Comme s’il fallait enfoncer le clou, la musique jazzy nous amène directement dans les années 50, et elle sait également se faire prenante, rythmée, voire même mélancolique ou carrément « évangélique » quand il le faut. Une réussite tout comme les doublages. En effet, les voix anglaises du casting sont parfaitement attribuées et aucune réplique ne sonne faux. Les réparties sont cinglantes, l’émotion est fidèlement retranscrite, bref on y croit et heureusement car les modèles 3D des personnages, et surtout leurs visages, auraient bien du mal à faire passer quoi que ce soit. Enfin, les bruitages comme le clapotis de la pluie ou les détonations des armes sont fidèlement reproduits. Un sacré voyage auditif.
Tirage à blanc ou trainée de sang à suivre?
A Crowd of Monsters a développé, avec Blues and Bullets, ce qui semblait partir comme un sous « The Walking Dead » avec une décennie de retard technique. C’est du moins l’impression que l’on a durant la première moitié de cet épisode introductif. Heureusement, les scénaristes arrivent à nous agripper dans leur univers à la patte artistique unique pour faire monter l’histoire en surprises et en tension avant un final qui n’appelle qu’une chose : la suite et vite ! Bref, ne vous fiez pas à votre premier avis, celui de votre première heure de jeu et croyez-nous, une fois ce cap passé, vous ne pourrez rester insensible devant une telle œuvre possédant sa propre personnalité et nous entraînant littéralement avec elle dans sa noirceur. On s’attache aux personnages, à leurs choix, à leur passé, et c’est là l’apanage des grands jeux d’aventure… du moins si les développeurs parviennent à garder l’intensité du récit et à renouveler le gameplay comme durant la dernière heure de cet épisode 1 !

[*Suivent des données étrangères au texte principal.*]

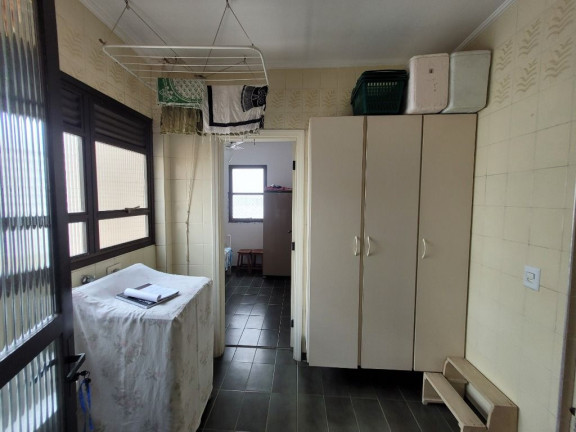 Imagem Apartamento com 3 Quartos à Venda, 140 m² em Pitangueiras - Guarujá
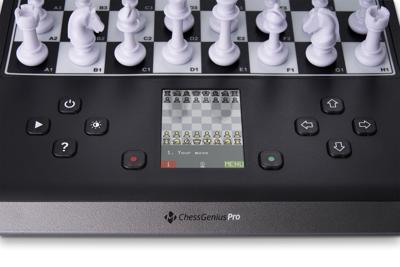 Millennium Chess Genius Pro M815 Schaakcomputer AI-functies, Magnetische schaakstukken, Druksensorbord, Kleurendisplay met verlichting Millennium Chess Genius Pro M815 Schaakcomputer AI-functies, Magnetische schaakstukken, Druksensorbord, Kleurendisplay met verlichting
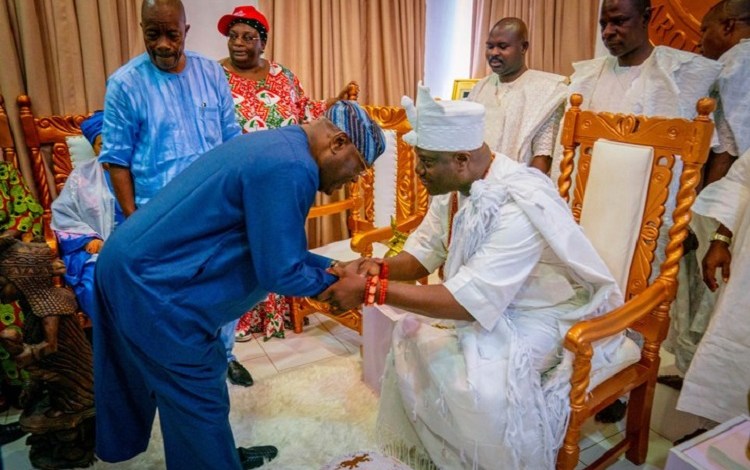 2023: Atiku visits Ooni of Ife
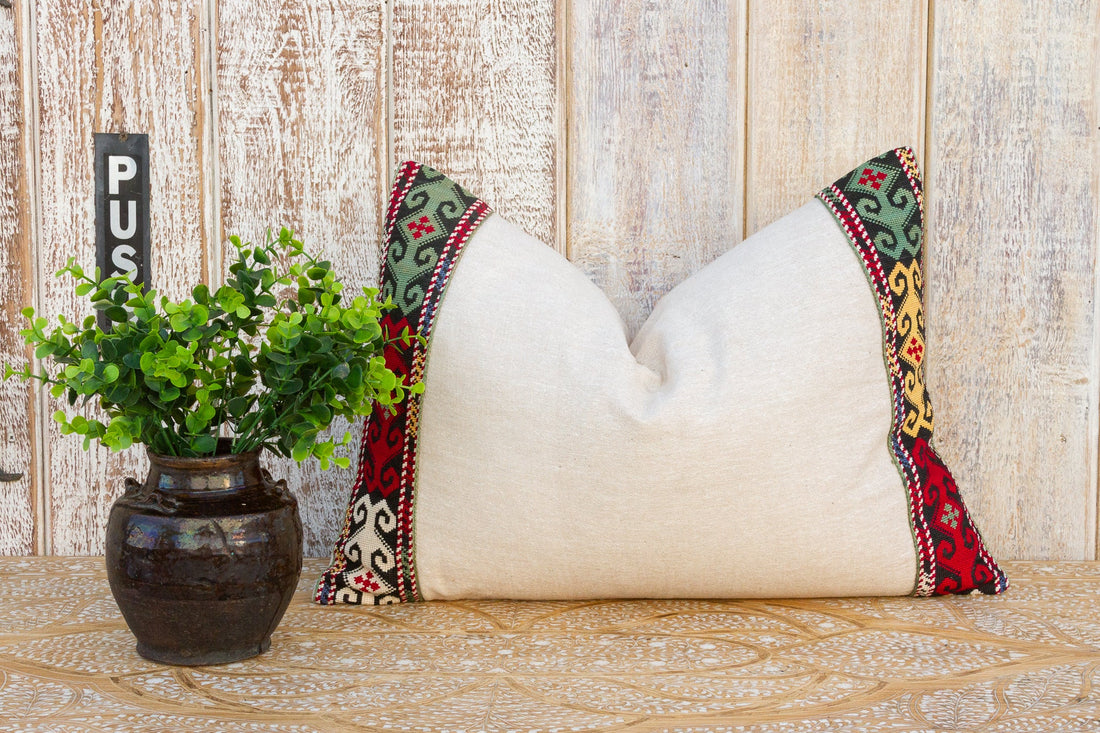Niku Linen Tribal Border Pillow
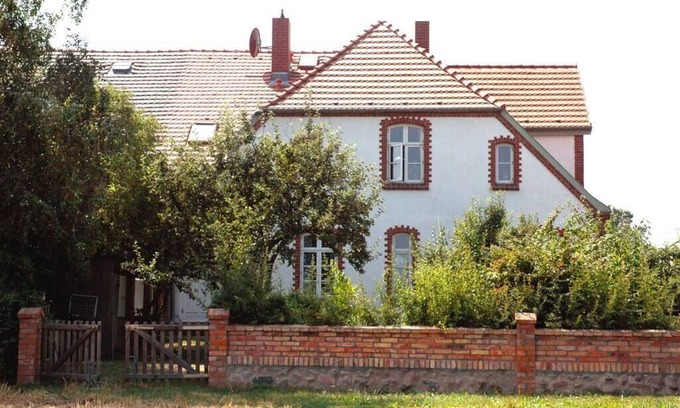 Bastorf Casa | White Garden Living in the historic farmhouse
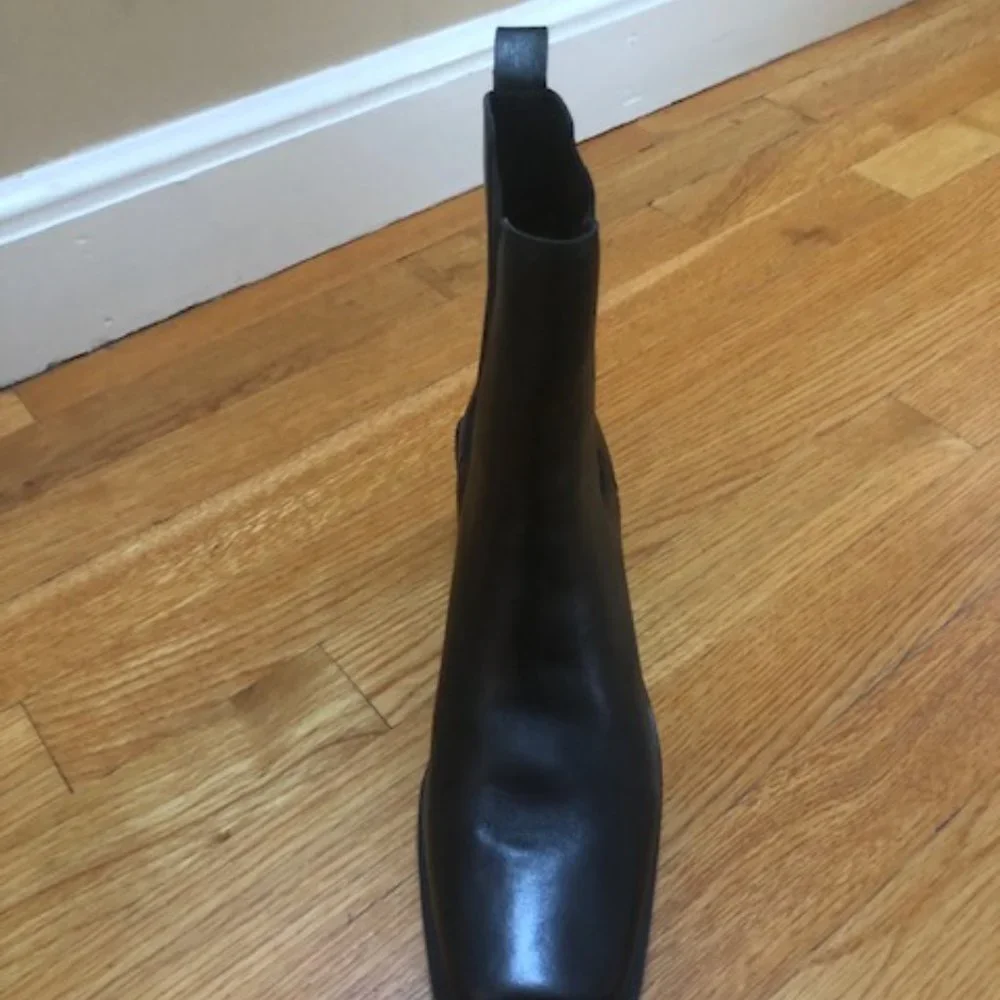 Aldo Bootie, Size 9, Black, New - Picture 2 of 4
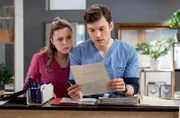 Viktoria (Isabella Krieger, l.) und Florian (Lion Wasczyk, r.) studieren Notizen.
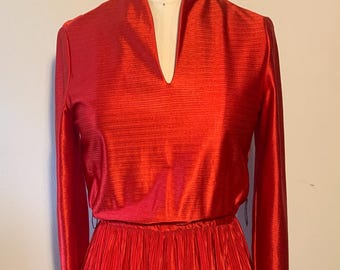 80s vintage dress with small pleated skirt
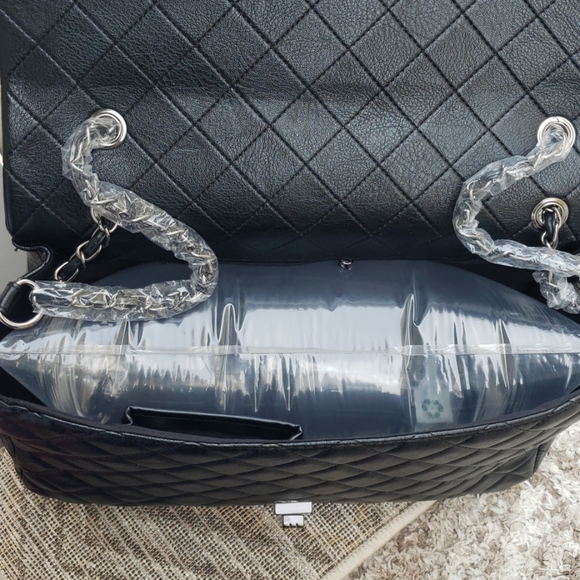 Large Quilted Leather Capacity Travel ShoulderBag - Picture 11 of 16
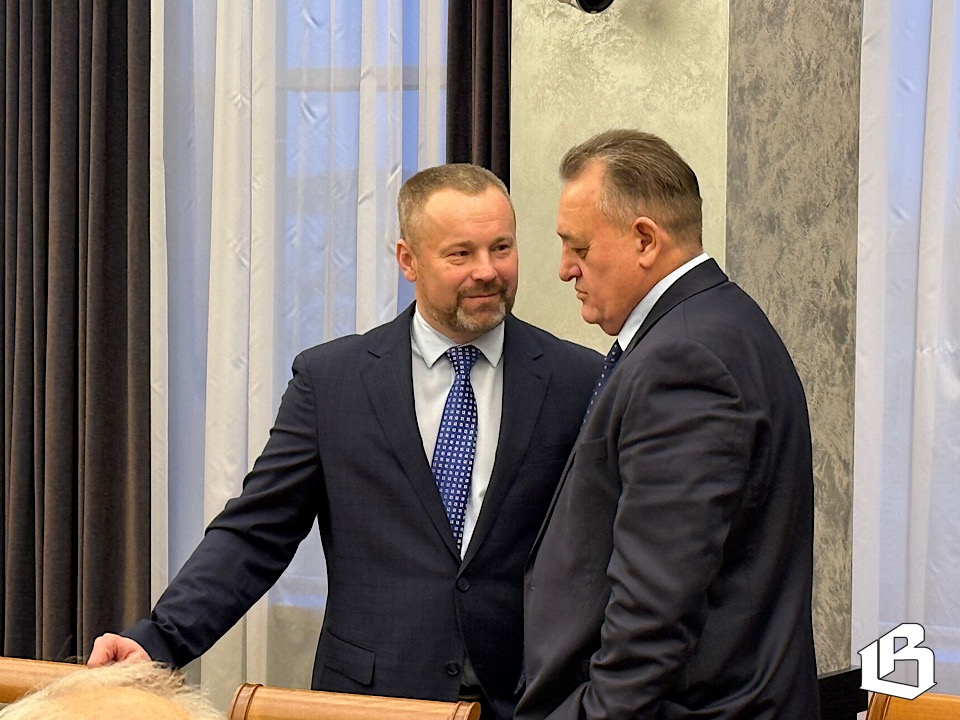 Открытый диалог: депутаты Ленобласти обсудили с журналистами бюджет и проблемы региона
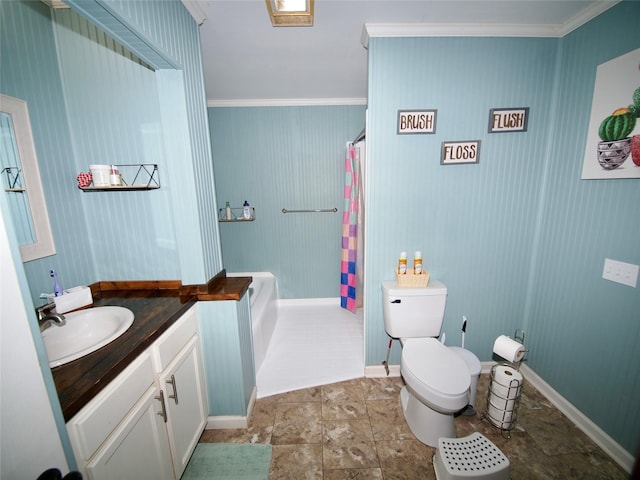 804 Austin Rd, Graham, TX 76450 - full bathroom featuring toilet, curtained shower, vanity, crown molding, and baseboards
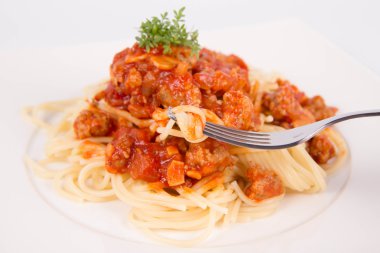 Spagetti bolognese bir çatalla yenir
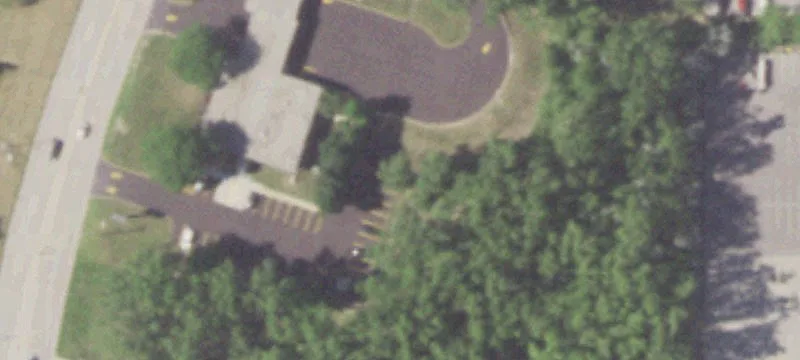 911 Packerland Dr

Le Vidéo-Test par Neoanderson
Réalisation: 13/20
Bien que la XBOX One soit amplement capable de faire plus beau, force est de constater que les visuels intégralement en noir et blanc avec quelques touches de rouge sang accentuent le côté polar sombre de l’histoire. Les nombreux reflets et effets spéciaux donnent une vraie personnalité artistique à l’œuvre, façon Sin City. Même la séquence de fin, reprenant tous les personnages en une seule fresque, est redoutable de précision et d’émotions graphiques. Bref, bien que le titre arbore dix ans de retard technique en termes de modélisation et d’animation, le travail artistique derrière est phénoménal et nous fait oublier la relative pauvreté en polygones et la performance capture totalement absente.
Gameplay/Scénario: 16/20
Le gameplay est proche de celui d’un titre Telltale, même si les choix chronométrés ne font que tardivement leur apparition et que la linéarité est bien plus présente. Au départ, ça part très mal mais petit à petit, les développeurs nous révèlent de nouveaux atouts pour leur production comme des séquences de shoot ou d’enquêtes qui sont encore un peu trop encadrées pour le moment, tout comme les QTE bien trop simples. On sent néanmoins un réel potentiel, d’autant que le titre nous offre déjà cinq choix capitaux pour la suite, rien que ça. Enfin, le scénario est est passionnant et sombre, proposant un Eliot Ness tout à fait crédible, tiraillé entre son envie de vengeance envers Capone et le fait de vouloir résoudre l’affaire de disparition pour sauver la petite-fille de ce dernier. Un passé trouble pour un héros qui ne peut que nous intéresser.
Bande-Son: 20/20
Des musiques vintage à vous rendre nostalgique des 50’s et qui restent dans le ton de l’intrigue, passant par moment du jazzy à l’épique en passant par l’angoissant ou le lyrique, de quoi éveiller en vous des sentiments de désespoir, de solitude, de tristesse ou encore d’intense réflexion. Le casting pour les voix a, quant à lui, été soigné de telle sorte qu’on n’imagine pas les protagonistes avoir un autre timbre vocal que celui employé dans le jeu. L’immersion est totale, et ce ne sont pas les bruitages réalistes qui me feront dire le contraire !
Durée de vie: 14/20
En une après-midi, il est largement possible de finir ce premier épisode de Blues and Bullets, qui ne vous prendra normalement pas plus de trois heures à compléter. Bien entendu, vous pouvez le refaire pour modifier vos choix, mais ils ont très peu d’impacts sur ce chapitre. Il vous sera néanmoins loisible d’essayer toutes les nuances de dialogue pour vous imprégner encore un peu plus de cet univers dont on a hâte de voir la suite ! Et puis, pour un peu moins de 5 Euros, vous auriez tort de ne pas au moins essayer Blues and Bullets.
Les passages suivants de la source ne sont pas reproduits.